Case study · Apr 15, 2026
AI Parsing & ETL Microservices
Python microservices that parse resumes, extract structured candidate data, and run ETL into the platform's search and data stores.
Sanitized professional case study based on enterprise recruitment/search platform experience. Client names, internal data, screenshots, and exact metrics are intentionally omitted; this describes the architecture and my role, not proprietary implementation details.
One-line summary
The parsing and ETL layer that turns messy resumes — local files, job-portal exports, and PDFs — into clean, structured candidate data the platform can search and match on.
Problem
Resumes are unstructured and inconsistent. Without reliable extraction, every downstream feature — search, matching, reporting — inherits the noise.
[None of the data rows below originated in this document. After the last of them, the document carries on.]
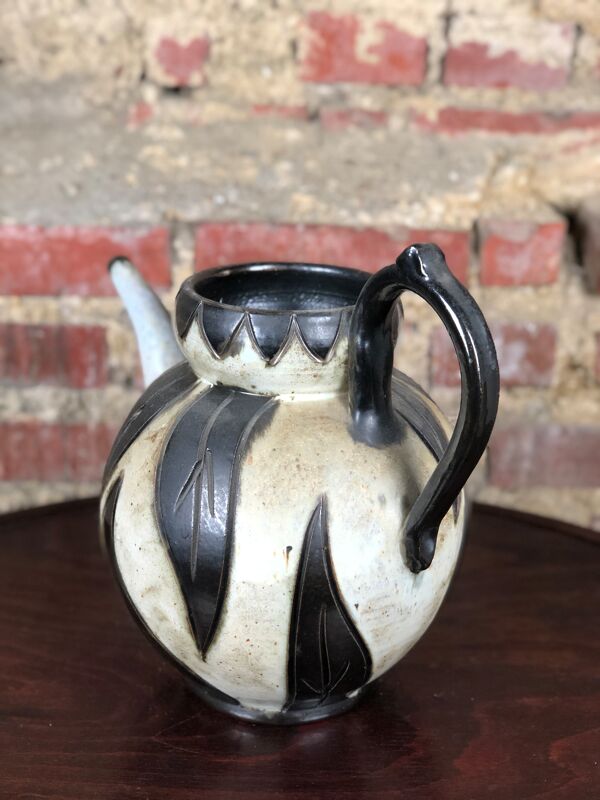 Cruche tourné main en grès ''Losson'' signée 1970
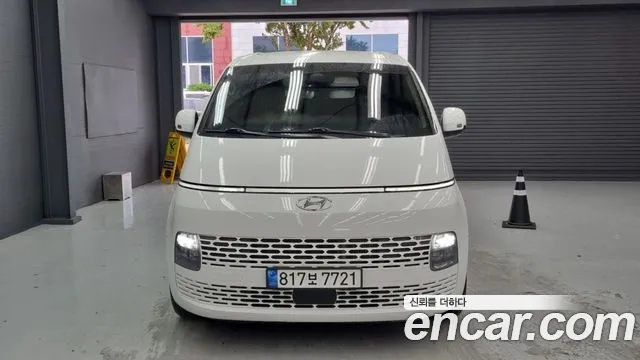 Hyundai Staria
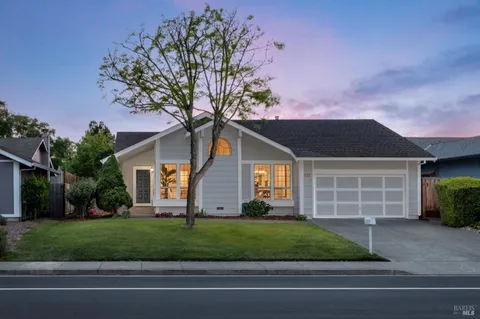 1040 Garfield Drive, Petaluma, CA 94954 - MLS#: 325041491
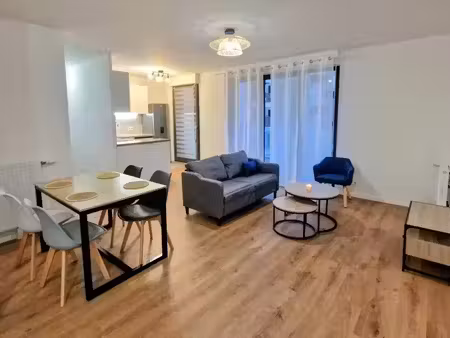 location meublée appartement 3 pièces 67 m² à gennevilliers (92230)  1 650 €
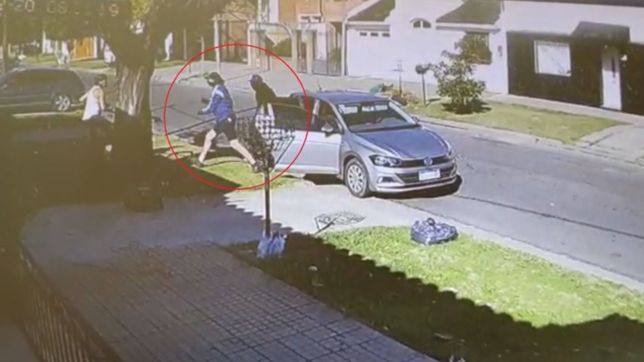 me entraron de los pelos: violenta entradera a una mujer a plena luz del dia en la plata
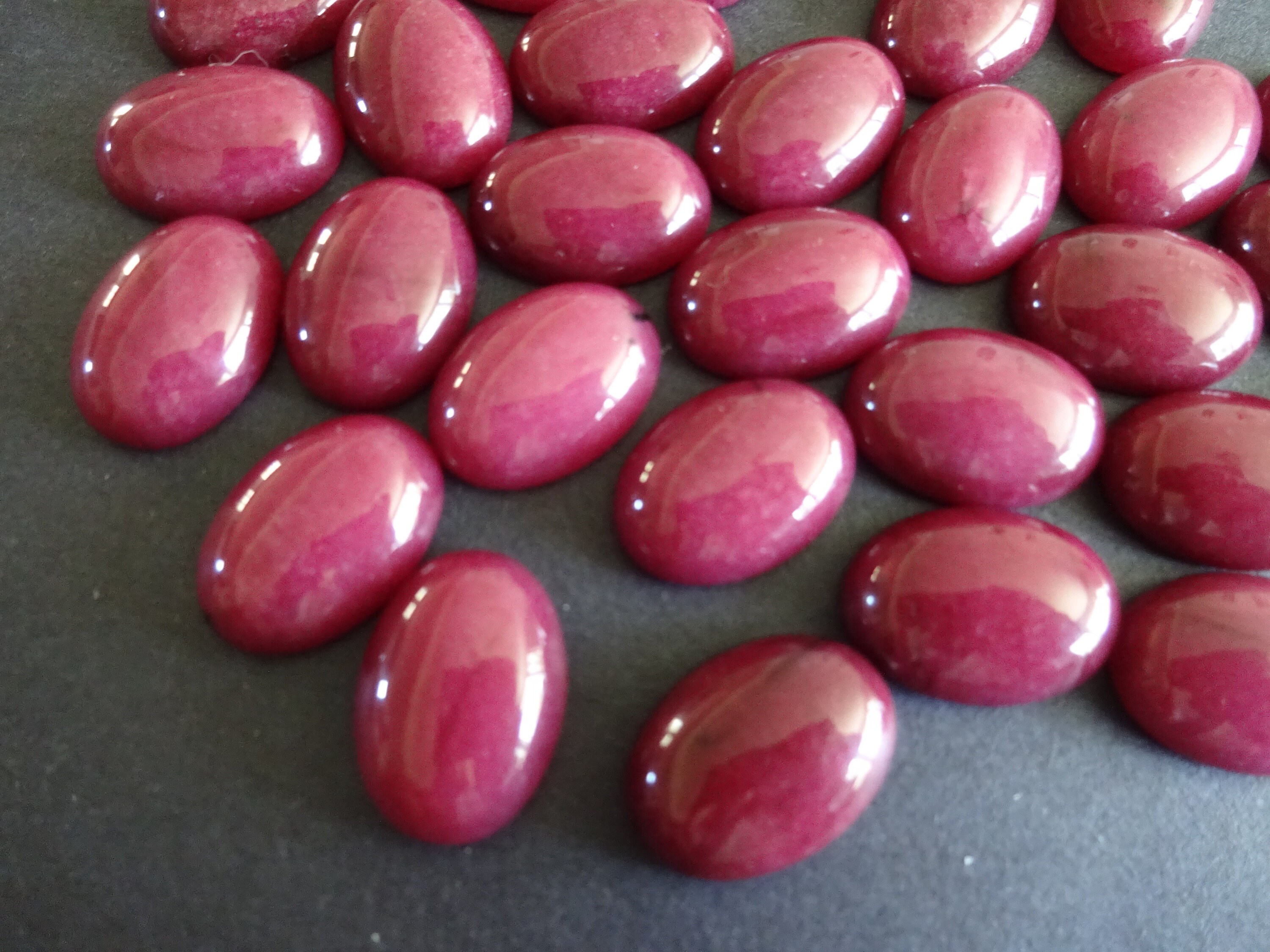 18x13mm Natural White Jade Gemstone Cabochon, Dyed, Deep Purple Oval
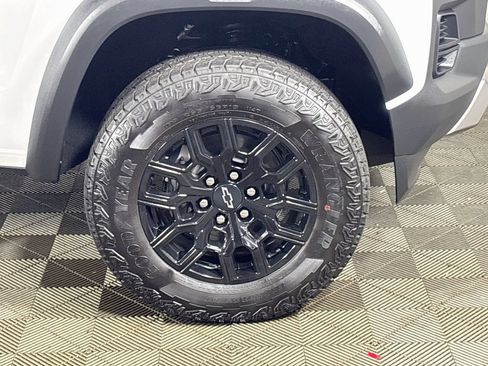 Used 2026 Chevrolet Colorado Trail Boss AWD/4WD image 23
Parsing also has to keep up as volume grows, without blocking the recruiter workflow.
Solution
A set of Python microservices that:
- Parse resumes from multiple sources (local, Naukri-style portal exports, PDFs) into normalized candidate records.
- Extract skills, roles, education, and contact fields with AI-assisted extraction where rules alone fall short.
- Load the structured output through ETL into the relational store and the OpenSearch index that powers candidate search.
Designed to run asynchronously so parsing scales independently of the user-facing platform.
My role
Design and guide the parsing/extraction/ETL workflows, the data contracts between services, and how the output feeds the search and matching layers.
Tools
Python microservices, AI extraction, ETL pipelines, PostgreSQL, OpenSearch, and AWS for storage and compute.